Character set handling

OpenConnect development started in 2008 on a modern Linux box, and as such the character set handling was extremely simplistic. It boiled down to the simple but reasonable assumption that "everything is UTF-8, all of the time". This was the case up to and including the OpenConnect 6.00 release in July 2014.

Since its inception, however, OpenConnect has been ported to various less progressive POSIX-based systems and also to Windows, which has its own particular style of charset insanity. It was therefore necessary to implement some explicit handling for character set conversion.

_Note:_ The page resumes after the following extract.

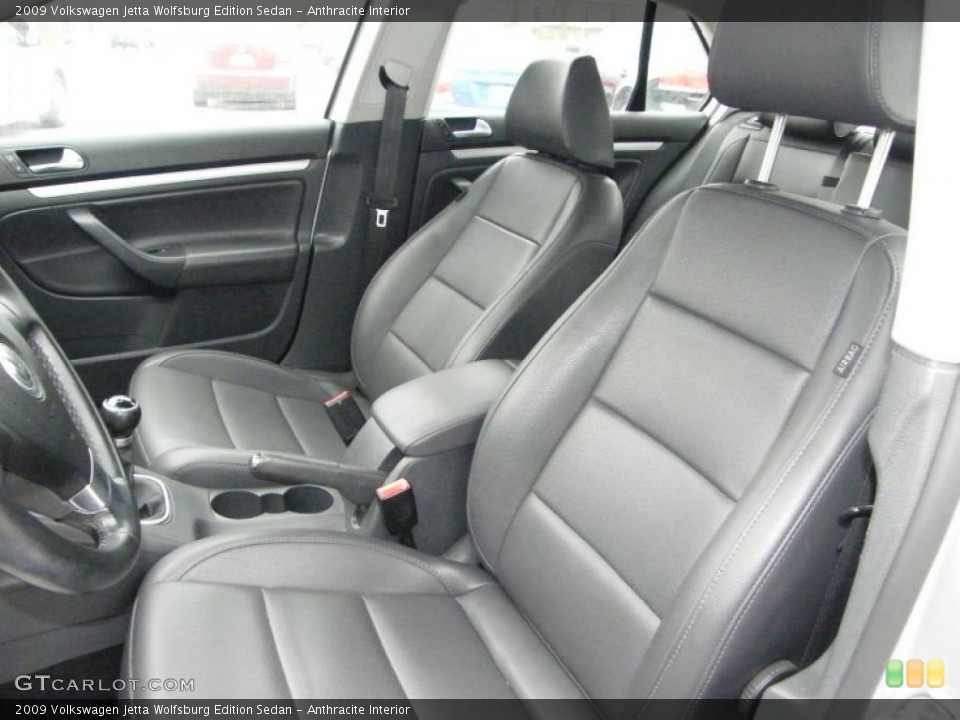 Anthracite Interior Photo for the 2009 Volkswagen Jetta Wolfsburg Edition Sedan #42882416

The design of this character set handling is that the internal libopenconnect library still handles every string as UTF-8. All input and output of the library remains UTF-8, and all callers of the library are expected to handle them appropriately. For the GNOME and KDE GUI tools, this should come naturally as all strings are expected to be UTF-8 there. For the command-line tool openconnect itself, implemented in main.c, this means that character set conversion is done on all terminal input and output, and all arguments provided on the command line.

Where it is necessary to open files or interact with the system in other ways using the legacy character set, libopenconnect will do the required conversion transparently. On POSIX systems with legacy non-UTF-8 character sets, it will use iconv to convert, while on Windows it will convert to UTF-16 and use the wide character (so-called "Unicode") APIs instead.